Et si c’était un des facteurs favorisant le cancer du sein et de la prostate ? L’hypothèse est lancée, elle n’est pas prouvée. Mais elle n’est pas non plus sans fondement.
Elle est en tout cas argumentée par le Pr George Brainard qui, dans le domaine, avait déjà à son actif quelques découvertes des divers rôles de la lumière. Ce neurobiologiste de l’Université Thomas Jefferson de Philadelphie a en effet élucidé quelques mécanismes de la lumière qui n’ont rien à voir avec la vision. Il s’agit principalement de ceux qui font que notre cerveau “sait“ que nous sommes le jour et non la nuit et que divers mécanismes hormonaux sont enclenchés à un moment précis du cycle jour/nuit et pas à un autre.
En fait, sous l’effet de la lumière artificielle, l’épiphyse (petite glande située dans le cerveau) diminue nettement la production de mélatonine dont les bienfaits seraient multiples : anti-vieillissement, freine le développement des tumeurs, stabilise la tension, maintient la libido...
Selon des chercheurs de l’Université de Toronto (Canada), notre exposition quotidienne à la lumière électrique a considérablement augmenté pour atteindre jusqu’à 7 heures par jour en moyenne, cette exposition prolongée non naturelle constituerait une ”pollution par la lumière artificielle”.
Une récente étude du Centre interdisciplinaire de recherche chronobiologique de l’Université de Haïfa, ville côtière d’Israël, a ainsi établi un lien entre une exposition à la lumière la nuit et un risque accru de cancer. L’étude expérimentale a porté sur quatre groupes de souris, ayant reçu des injections de cellules cancéreuses. Simulant une exposition à la lumière artificielle supérieure au nombre d’heures de lumière naturelle de la journée, l’un de ces groupes a été exposé à des journées de 16 heures de lumière et de 8 heures d’obscurité. Soumis au même régime lumineux, un second groupe a reçu en parallèle un traitement à la mélatonine, ou “hormone du sommeil“, libérée en phase nocturne. Un troisième groupe a suivi un rythme de 8 heures de lumière pour 16 heures d’obscurité, de même que le quatrième groupe. Ce dernier a, toutefois, été exposé à la lumière durant la période d’obscurité, à des intervalles d’une demi-heure
Les résultats observés montrent que les tumeurs cancéreuses chez les souris exposées à des périodes d’obscurité plus longues sont plus petites que celles développées par les souris exposées à des intervalles réguliers à la lumière, durant la nuit. Les souris soumises à des “jours longs“ présentaient les croissances les plus importantes. Le rôle de la mélatonine a également été mis en évidence, la taille de la tumeur chez les souris exposées à de “longs jours“, mais bénéficiant de mélatonine, étant moins élevée. En outre, le taux de mortalité chez ces souris est significativement plus faible que chez celles non traitées.

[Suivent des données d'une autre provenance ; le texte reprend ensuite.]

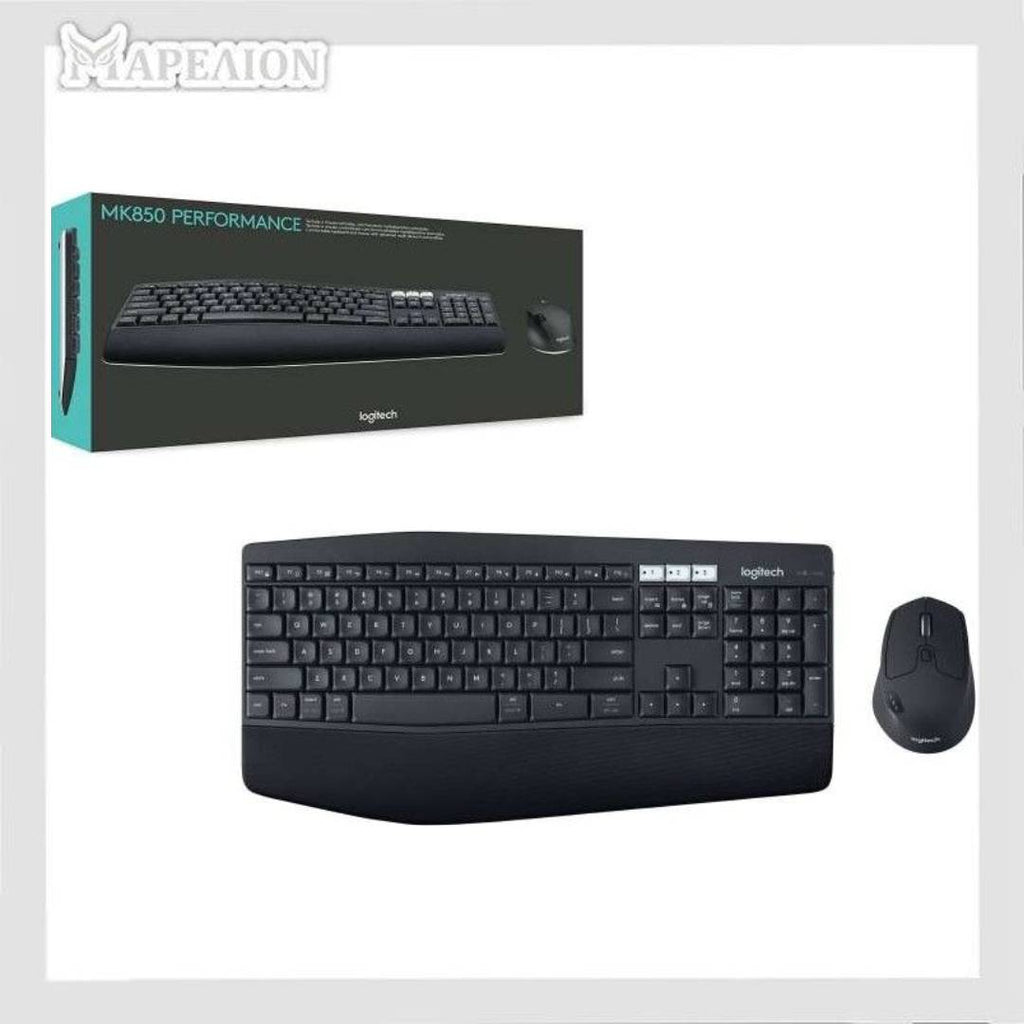 Logitech Keyboard  + Mouse Wireless Combo Set Pro, MK850 US 920-008226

Ces travaux confirment de précédentes études, issues du même site universitaire, lesquelles ont démontré que les hommes vivant dans des zones à fort éclairage de nuit présentaient un risque de cancer accru de la prostate. Dans les mêmes conditions, les femmes révélaient une prédisposition au cancer du sein. L’hypothèse alors avancée pour justifier ces résultats invoquait la réduction de la production de mélatonine, augmentant le risque de cancer
Ces nouveaux éléments font écho à la décision du Centre international de recherche sur le cancer (Circ) de classer le travail de nuit ou posté comme “cancérogène probable“.
Mais elle sert peut-être à autre chose. Comme le Pr Brainard l’expliqua naguère lors de la réunion annuelle de l’Association américaine pour l’avancement des sciences, on lui a découvert un effet cytostatique. En d’autres termes, elle freine la prolifération des cellules, notamment des cellules du cancer du sein que l’on met en culture en laboratoire.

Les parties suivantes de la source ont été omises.